Don’t Tell a Story, Create an Immersive Experience

The most common mistake novices make when writing a screenplay is trying to tell a story. That usually means characters speaking dialogue that explains what’s going on and scenes that exist solely to show some background information.

When screenwriters try to tell a story, they’re more apt to dump exposition on the reader. Exposition by itself is deathly boring. Instead of continuously vomiting exposition on the page through stiff dialogue and scenes that go nowhere, create an experience instead.

Depending on the genre of your story, that experience can be fear (in a horror movie), laughter (in a comedy), excitement (in an action thriller), or sorrow and ultimately happiness (in a romance).

When you strive to create an experience, then you’ll immerse the reader and ultimately the audience into a situation that teases, toys, and rattles their emotions. That’s far more interesting and compelling than simply reading a bunch of facts.

Wold you rather read a list of facts? Or would you rather experience a unique emotion? That’s the difference between telling a story and creating an experience.

Here’s a bad way to tell a story. Have one character say to another, “Remember, Bob, we’ve been close friends since elementary school and when you married Jackie and I married Susan, we vowed our kids would grow up to be friends just like we were back in Pecos, Texas.”

Not only is such expository dialogue stiff and unrealistic, it gives the audience no reason to care. When you focus on telling a story, you’ll be tempted to layer on the exposition so thick that it suffocates your story.

However, when you try to create an emotional experience, now you’ve got a much better chance of engaging the audience.

Imagine a man meeting two strangers in a bar. Instead of immediately revealing why this man is meeting two strangers in a dive bar, leave the purpose a mystery to entice us to want to know more.

Instead of being happy to see this man, have the two waiting men upset that this man is late. When a man meets two strangers, you’d expect everyone to be happy to see each other. Shatter expectations and you’ll create surprise, and that’s exactly how the opening scene in “Fargo” works when Jerry is late to his meeting with two men he’s hired to kidnap his wife.
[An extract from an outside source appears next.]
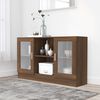vidaXL Armoire &agrave; vitrine Ch&ecirc;ne marron 120x30,5x70 cm Bois d'ing&eacute;nierie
So the key to creating an immersive experience in a scene is to focus less on telling a story and more on creating an experience. Second, look at the typical expectation for that scene and find a way to subvert it. A man meeting two strangers in a bar would usually begin with pleasant introductions, but in “Fargo,” everything starts off wrong when Jerry realizes he’s an hour late and the two men he’s hired to kidnap his wife are mad at him.

Shatter expectations and focus on creating an experience instead of telling a story. Just do those two things and you’ll avoid the common mistake of dumping exposition on the audience and writing a dull screenplay in the process.